I recently recommended a piece in two installments by financial technology blogger Patrick McKenzie, in particular a section on how laws against lying to banks enable (and are meant to enable) prosecutors to go after offenses unrelated to banking. There’s much more in McKenzie’s piece, including a pointed discussion of how the modern regulatory apparatus tends to inculcate a certain posture from the compliance staff of regulated entities:

Regulation is an iterated game; both regulators and financial institutions expect to meet each other many times over the years. Regulators, in particular, expect to meet individual CEOs and Chief Compliance Officers many times over their careers, and derive a portion of their power over large organizations by being able to end individuals’ careers.… everyone knows that a Compliance Officer who has lost the trust of their regulator is done.

I would add that this fatal sanction of the lifted eyebrow (as it has been called in some other legal contexts) is even more final in lacking any formal process of appeal or review, by a judge or otherwise.
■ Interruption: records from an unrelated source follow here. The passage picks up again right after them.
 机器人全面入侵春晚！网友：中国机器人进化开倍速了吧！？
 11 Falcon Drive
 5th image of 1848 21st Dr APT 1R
Financial regulation is a trust game; merely conveying to reference checkers that you’d prefer not dealing with someone again is enough to blackball them. ….Compliance reports to two masters by nature and everyone who deals with compliance is aware of this.… You simply need to be able to function as a profit‐​seeking capitalist and responsible professional who is also, at society’s direction, expected to be a deputized law enforcement officer, and you need to be acutely cognizant of that and not complain about it.
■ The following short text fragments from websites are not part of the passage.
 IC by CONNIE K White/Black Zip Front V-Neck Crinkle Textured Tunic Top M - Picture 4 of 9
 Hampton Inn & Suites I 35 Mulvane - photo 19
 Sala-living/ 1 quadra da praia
The “not complain about it” element is worth a closer look, because it has implications both for the rule of law and for the degree to which public discussion of regulatory matters can be expected to proceed in a frank and free manner. For example, if you as a responsible bank executive have doubts that the KYC (know your customer) category of federal regulations amounts to some sort of bureaucratic make‐​work or worse, “you definitely cannot say that out loud,” McKenzie says. 

You can certainly think it to yourself, but whatever your qualms about the rationale and downstream effects of your responsibilities, the name of the department is Compliance and you must comply gladly. You will be trained—mandatorily, like every other worker in finance is trained, down to the least senior teller capable of opening a cash drawer—how important it is that you make a conspicuous effort in taking compliance (and Compliance) seriously.
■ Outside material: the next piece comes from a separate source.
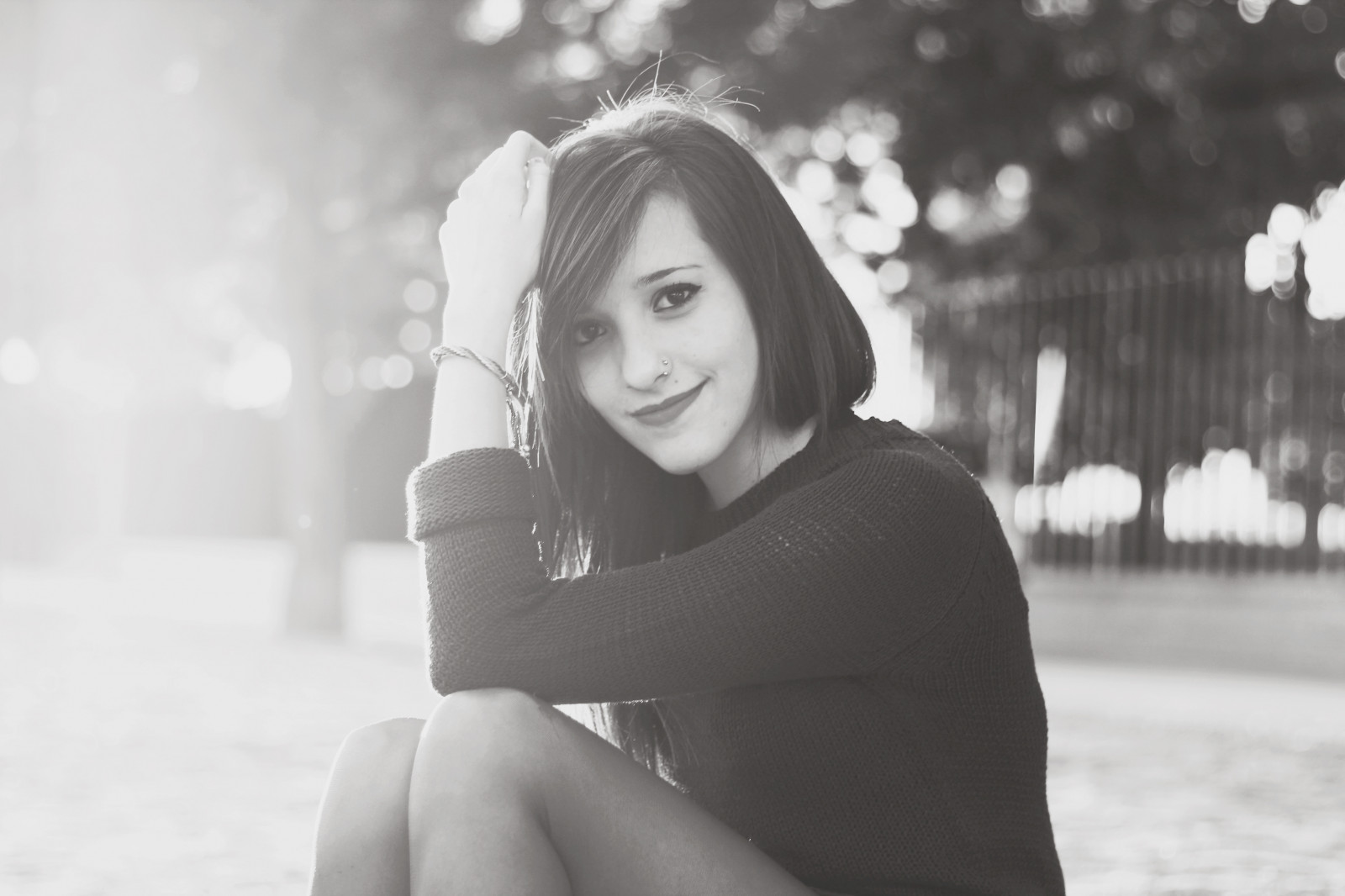 bílý, Černá, černobílý, model, portrét, dlouhé vlasy, sedící, zima, fotografování, černé vlasy, Kánon, rty, vlasy, bokeh, emoce, štěstí, kůže, světlo, 50mm, dívka, krása, usměj se, oko, ruka, dáma, zábava, chica, mano, fotografie, labios, blancoynegro, Sonrisa, momentka, pelo, canon550d, luz, Černý a bílý, monochromatické fotografování, portrétní fotografie, focení, mimika, stock photography, flash photography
More on the “culture that is Compliance departments”:

Compliance is performed. The word frequently used to describe the tenor of this performance is “ingratiating”, as if one is a courtier to a monarch who is not unreasonable but does have a reputation for executing other‐​than‐​diligent courtiers.

These facts have implications both for the general observance of the rule of law and for the politics of whether and by whom, if anyone, bad regulations get pushed back against.

While the passages above are nominally about banking, they can be readily carried over to many other regulated sectors, from FDA compliance to federal contracting law to the utilities business. Beyond their significance in understanding particular company cultures, they also help explain why many sectors of the business community are simply unwilling to push back in a vocal public way and with firsthand documentation against regulations they believe directly to be useless or bad.